The best known Triumph built for the British army during the Second World War was the 343 cc OHV 3HW single, along with smaller numbers of the 343 cc 3SW and 493 cc 5SW side-valve models. Two side-valve twins were considered in the same displacement, but when the Coventry factory was bombed in 1940, the 343 cc 3TW twin was shelved.
The side-valve 493 cc 5TW was built in 1942 with the bottom end from the prewar Speed Twin and a chain-driven camshaft. The cylinders were cast iron in a single unit, the head was alloy and it had telescopic front forks and a rigid rear end. There was still high demand for the OHV 343 cc 3HW single, though, and the 5TW was shelved until the end of the war.
In 1946, the side-valve twin was revived as a military model, and it became the TRW that would be sold from 1950-65. The TRW received the trials frame from the TR5, a four-speed gearbox, nacelle and Trophy wheels along with military equipment. The TRW kept cast iron cylinders and alloy head with the single Solex carburetor, but had a gear-driven camshaft. It gained coil ignition in 1956, and one example was built with a swing arm, but the rest kept the hard-tail until the end.
Almost 6,000 were built from 1950-65 and pressed into military service and police use all over the British Empire. Eventually, their lack of horsepower prompted their replacement by new models with full suspension based on the OHV single-cylinder Cub or twin-cylinder Tiger.

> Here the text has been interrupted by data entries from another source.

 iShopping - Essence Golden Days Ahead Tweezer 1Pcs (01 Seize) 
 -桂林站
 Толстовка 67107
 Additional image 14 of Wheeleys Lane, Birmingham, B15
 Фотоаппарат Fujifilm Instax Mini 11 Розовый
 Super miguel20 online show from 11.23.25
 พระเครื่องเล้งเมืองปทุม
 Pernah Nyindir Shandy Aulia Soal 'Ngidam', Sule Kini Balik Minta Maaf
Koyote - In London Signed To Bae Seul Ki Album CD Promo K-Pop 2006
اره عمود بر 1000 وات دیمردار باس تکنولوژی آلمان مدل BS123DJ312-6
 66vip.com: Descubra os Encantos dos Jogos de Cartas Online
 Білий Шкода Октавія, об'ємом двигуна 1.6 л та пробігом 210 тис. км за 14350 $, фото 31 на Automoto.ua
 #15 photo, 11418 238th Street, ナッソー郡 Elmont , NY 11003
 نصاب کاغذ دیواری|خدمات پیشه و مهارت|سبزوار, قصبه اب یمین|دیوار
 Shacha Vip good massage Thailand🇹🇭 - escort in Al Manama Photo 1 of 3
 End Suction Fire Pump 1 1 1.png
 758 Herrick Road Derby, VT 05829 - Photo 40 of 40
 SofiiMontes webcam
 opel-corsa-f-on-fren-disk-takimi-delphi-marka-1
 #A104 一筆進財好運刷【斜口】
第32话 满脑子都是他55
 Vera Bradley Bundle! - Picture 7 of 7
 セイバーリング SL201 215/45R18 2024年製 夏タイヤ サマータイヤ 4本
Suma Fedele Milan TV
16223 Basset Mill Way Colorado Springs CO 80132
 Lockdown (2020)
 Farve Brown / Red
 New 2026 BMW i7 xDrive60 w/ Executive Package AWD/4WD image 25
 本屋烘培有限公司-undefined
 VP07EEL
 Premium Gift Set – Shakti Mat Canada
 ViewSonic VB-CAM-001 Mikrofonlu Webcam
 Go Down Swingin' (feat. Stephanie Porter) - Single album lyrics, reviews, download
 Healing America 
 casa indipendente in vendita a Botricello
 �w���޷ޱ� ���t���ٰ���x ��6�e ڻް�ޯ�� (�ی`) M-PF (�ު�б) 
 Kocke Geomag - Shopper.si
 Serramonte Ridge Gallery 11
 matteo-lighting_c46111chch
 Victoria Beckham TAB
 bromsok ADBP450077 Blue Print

The OHV 343 cc HW was made after the war for civilian use and surviving Army models were repainted. By the time they were all worn out, Triumph was building a whole new range of OHV twins like the T5 500 cc Trophy, and Tiger and 650 cc T110 Tiger and T6 Thunderbird. Even so, the TRW slogged on. Because so many were built, surviving TRW models are not that hard to find, and they are relatively to equip and present one like a service bike.